In 1833, Lieutenant Davis was transferred to the newly formed First Dragoons and was promoted to the rank of first-lieutenant. He was also appointed regimental adjutant. In this capacity he served for approximately two years on active service which included various encounters with the Pawnees, Comanches and other Indian tribes.



In 1835 he resigned from the army and returned to civil life. He married Miss Sallie Knox Taylor, daughter of Zachary Taylor and settled down to the life of a cotton planter in Warren County, Mississippi. Davis's marriage was cut short by his wife's sudden death three months later of malaria. He married again in 1845, this time to socially prominent Varina Howell. His plantation, Brierfield, prospered and he began to devote much of his time to the studies that would prepare him for his future public life. His first appearance in the political arena occurred during a gubernatorial canvass in 1843. He was sent as a delegate to the Democratic convention that year and, through his speeches, made a very favorable impression. In 1844 he took a firm position for a strict construction of the Constitution, the protection of the States from Federal encroachment, and advocated the annexation of Texas. He made such an impression as a spokesman for States’ Rights that he was elected to the United States Congress as the representative of Mississippi from his congressional district.

Davis claimed his seat in Congress in 1845 and began to take a prominent part in the discussions. The Oregon question and the tariff were important issues before the Congress, and he virulently supported the annexation of Texas.

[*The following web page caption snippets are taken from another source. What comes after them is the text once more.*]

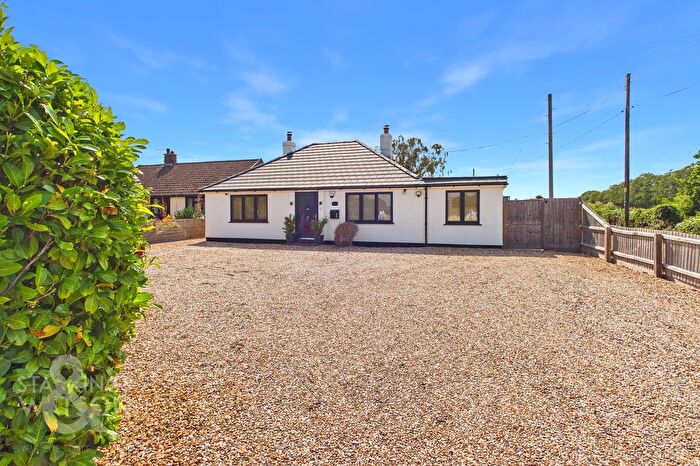 4 Bedroom Detached Bungalow For Sale In Lopham Road, Kenninghall Heath, NR16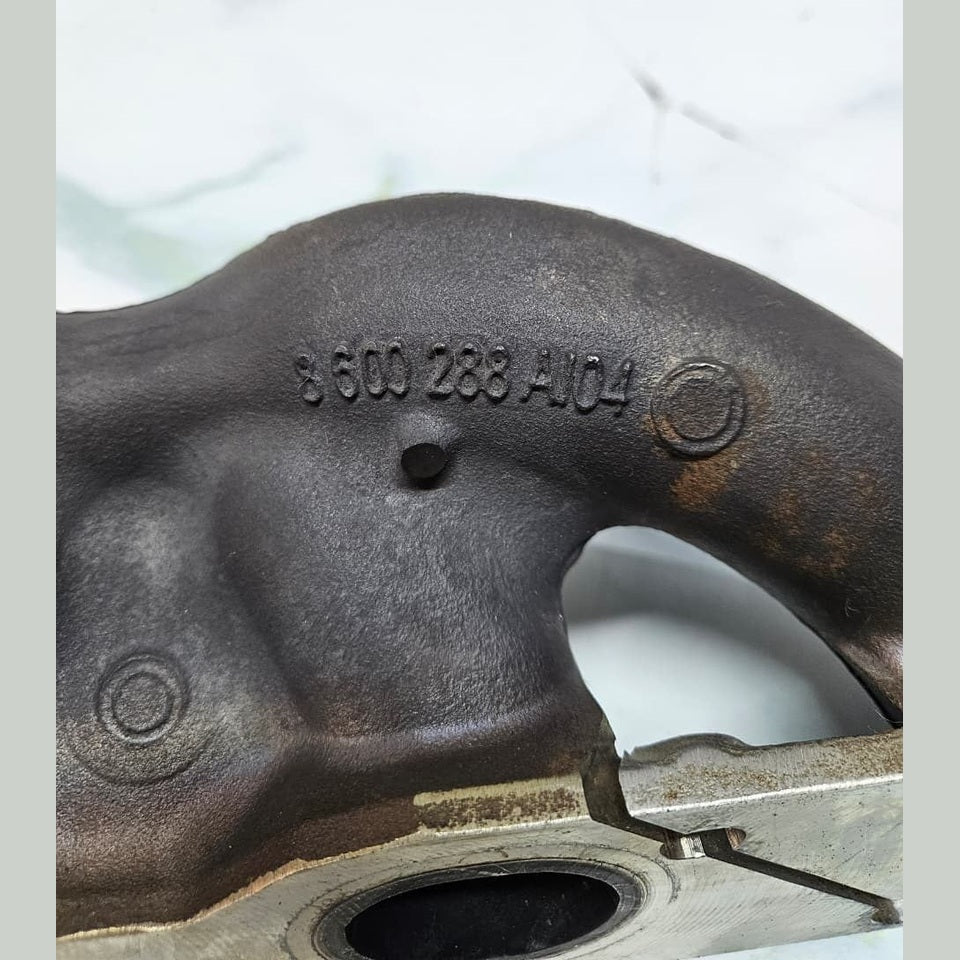 2015-19 BMW G11 G12 X5 G05 F15 with 4.4 V8 N63 engine Exhaust Manifold 8600288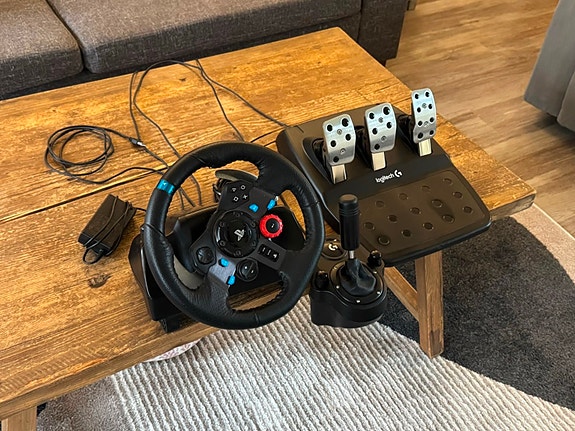 Logitech G29 rattiohjain ja polkimet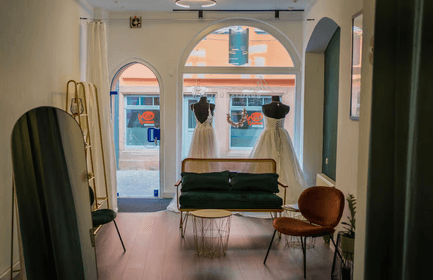 Der stilvolle Showroom von Main Brautstübchen in Wertheim – exklusive Brautkleid-Anprobe in entspannter Atmosphäre.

George Lethbridge Saunders (1807–1863)
Watercolor on ivory, 1849
National Portrait Gallery, Smithsonian Institution


With the outbreak of the Mexican War, Davis was elected colonel of the First Mississippi Regiment of Riflemen. He resigned his place in Congress in June of 1846, and took command of his regiment at New Orleans. From there he joined the army of General Taylor on the Rio Grande. He had managed to arm his regiment with percussion rifles and prepared a manual of tactics and drill for the new arm. When he joined Taylor's force his thoroughly drilled unit was, perhaps, the most effective regiment in that little army. He led his well-disciplined command in a gallant and successful charge at Monterey in September of 1846. His regiment, along with a regiment of Tennesseeans, gallantly and drove the Mexicans from their redoubts. Davis won considerable renown throughout the army for this action.

At Buena Vista the Mississippi riflemen and Indiana volunteers under Davis sealed the American victory by making a bold charge against a larger body of Mexicans troops. During the last charge of the day, Colonel Davis was severely wounded, but remained on the field until the victory was won. General Taylor's dispatch of March 6, 1847, makes special mention of the courage and coolness of Colonel Davis and his command. The Mississippi regiment served out its term of enlistment, and was ordered home in July of 1847.


Varina Banks Howell Davis


In August 1847, the governor of Mississippi appointed Jefferson Davis to fill a vacancy in the United States Senate that had opened upon the death of Senator Speight. He took his seat in the Senate in December of 1847. The legislature confirmed him in his seat by electing him in January for the remainder of the unexpired term. He was subsequently re-elected for a full term.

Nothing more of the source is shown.